Over the last couple of days, the administration has trotted out Secretary of State John Kerry to make a speech, and has released a report from the “Intelligence Community” purporting to make the case that the Assad regime used chemical weapons in a rocket attack on August 21 outside Damascus.  As an initial point, why is it John Kerry that’s addressing the American people on this issue, and not the President?  This is a big deal, and a leader needs to lead, not send out his lackeys.  And if the case is as strong as they claim it to be, then a great lawyer/scholar/orator like Obama should have no problem wrapping himself up in it before the American people.  That he isn’t in itself casts doubt on the whole thing.
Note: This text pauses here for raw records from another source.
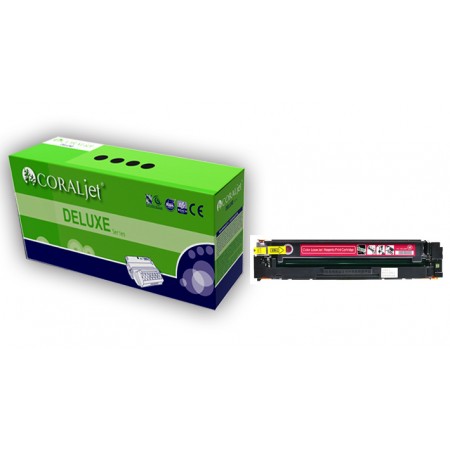 CORALJET HP CF543A MUADİL KIRMIZI RENK TONER CORALJET HP CF543A MUADİL KIRMIZI RENK TONER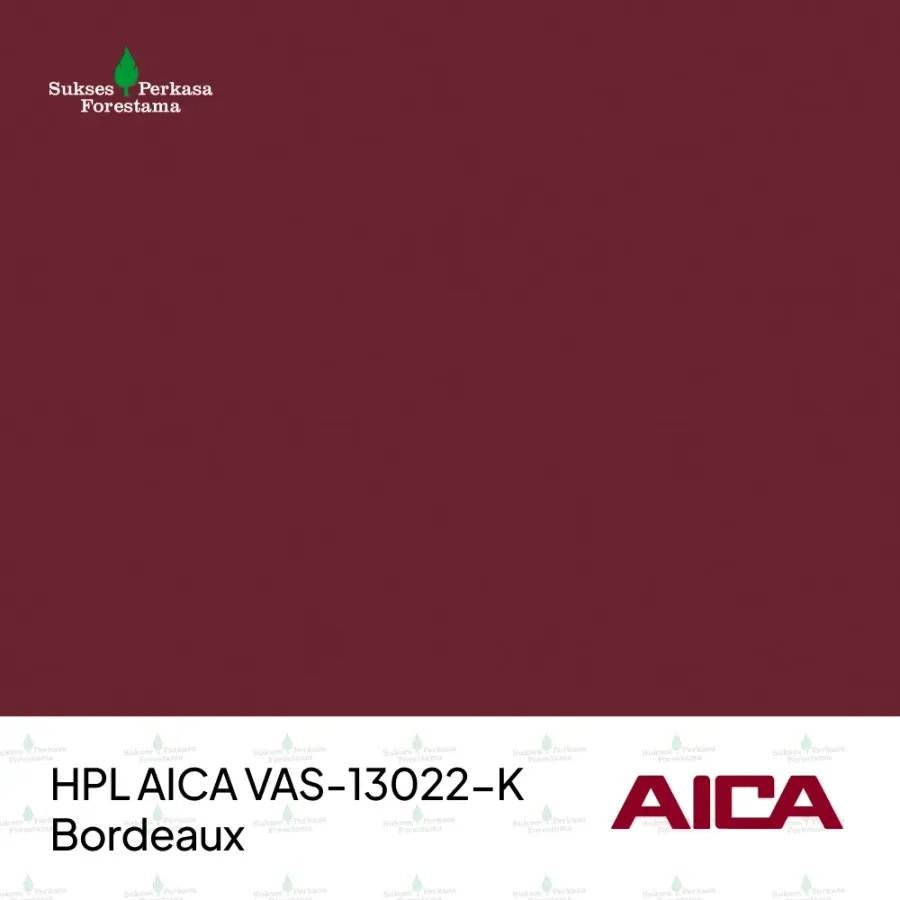 HPL AICA VAS-13022-K – Bordeaux
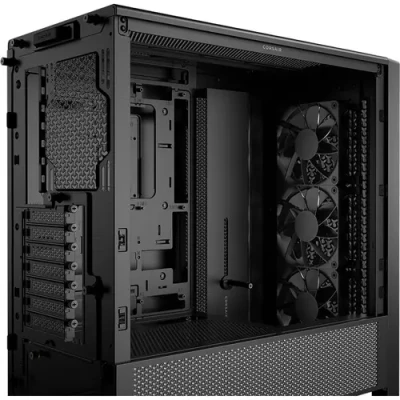 Corsair PC Case  |  Frame 4000D RS Modular  |  Black  |  Mid-Tower  |  Power supply included No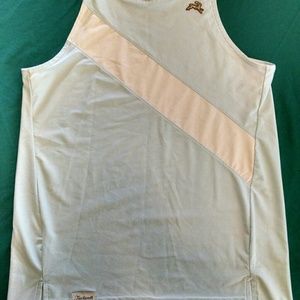 Tracksmith van cortlandt singlet euc sky blue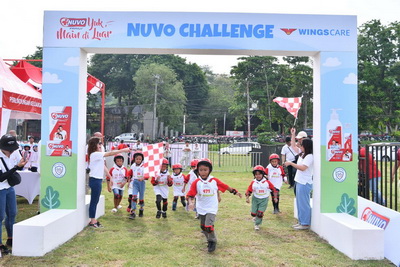 Hari Kesehatan Nasional: NUVO Family Dorong Aktivitas Bermain di Luar bagi Anak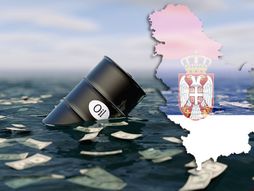 Nafta, gorivo, Srbija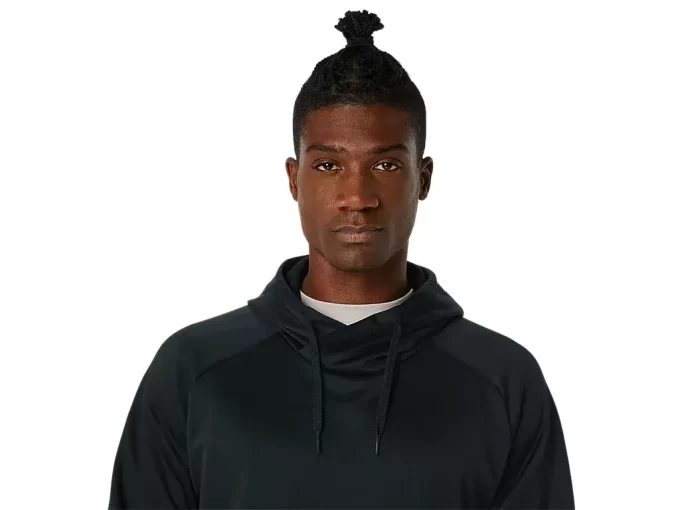 Kapuzenpullover aus gebürstetem Fleece Kapuzenpullover aus gebürstetem Fleece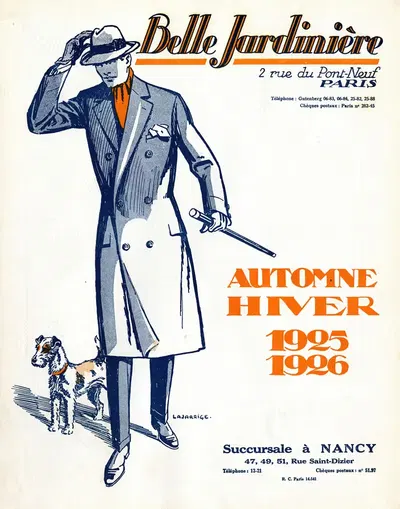 Belle jardinière – Automne-hiver 1925-1926 by Anonymous — digital art print download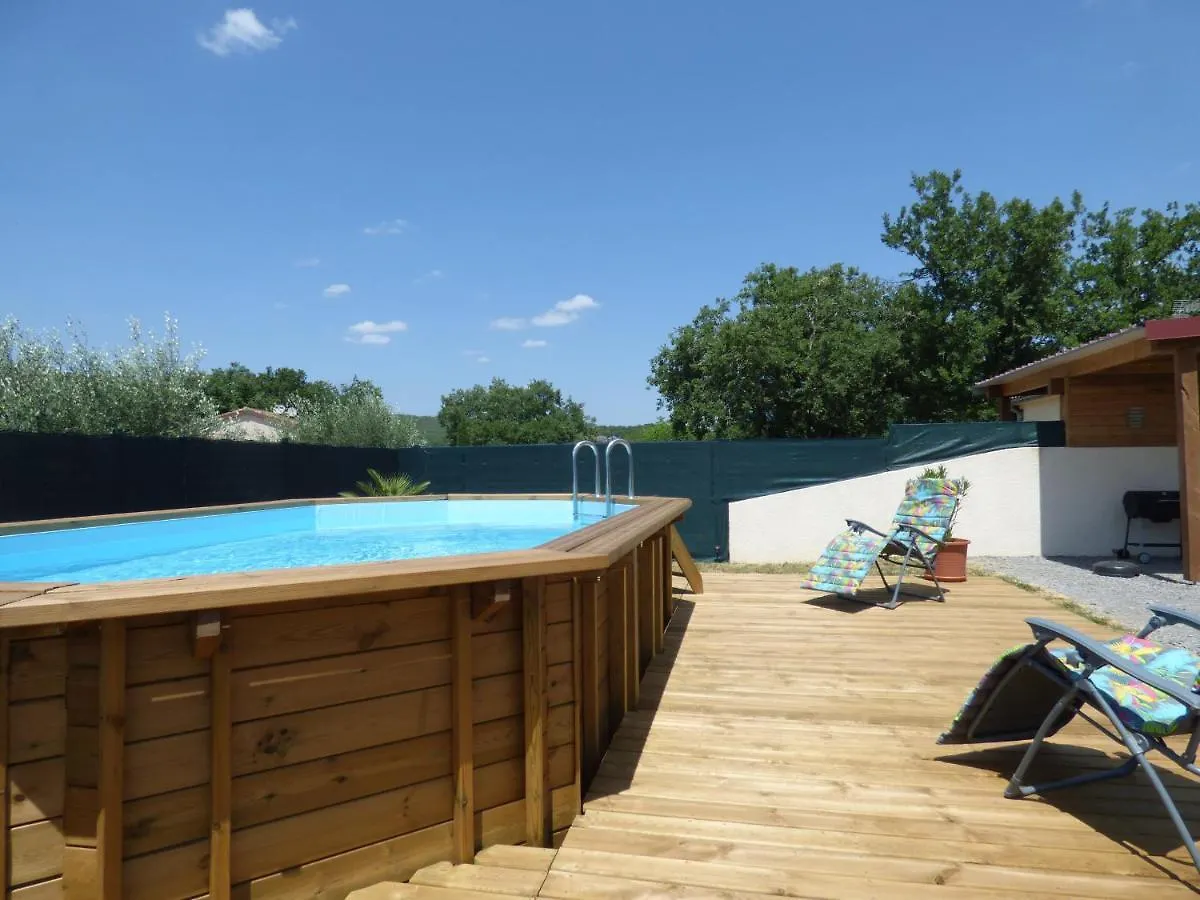 Les Locs Du Grazel Villa Ruoms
Further, while the intelligence report and Kerry’s speechifying appear to make a strong case that Assad used chemical weapons, that case still remains a matter of taking their word for it.  They claim to have reports, and videos, and eyewitness accounts, and intercepted communications,  but they haven’t actually shown us any of it.  If it’s all as damning as they say it is, why not lay them out for all the world to see?  Surely if there is a universally-recognized “international norm” against the use of chemical weapons, if the evidence is as good as they claim there would be an immediate global consensus for taking action against the Assad regime.  Surely if the case is as iron-clad as they tell us, they would have no trouble getting authorization from Congress to take that action.  Surely if they have Assad as dead-to-rights as they are advertising, they would easily persuade the American people to support an attack.

All of which begs the question: why haven’t they put their actual cards on the table?

Unfortunately, the intelligence brief suggests a troubling possible piece to that puzzle.  Part of the supposed case against Assad includes evidence of preparations of chemical weapons in the days prior to the attack:

“We have intelligence that leads us to assess that Syrian chemical weapons personnel – including personnel assessed to be associated with the SSRC – were preparing chemical munitions prior to the attack. In the three days prior to the attack, we collected streams of human, signals and geospatial intelligence that reveal regime activities that we assess were associated with preparations for a chemical weapons attack.”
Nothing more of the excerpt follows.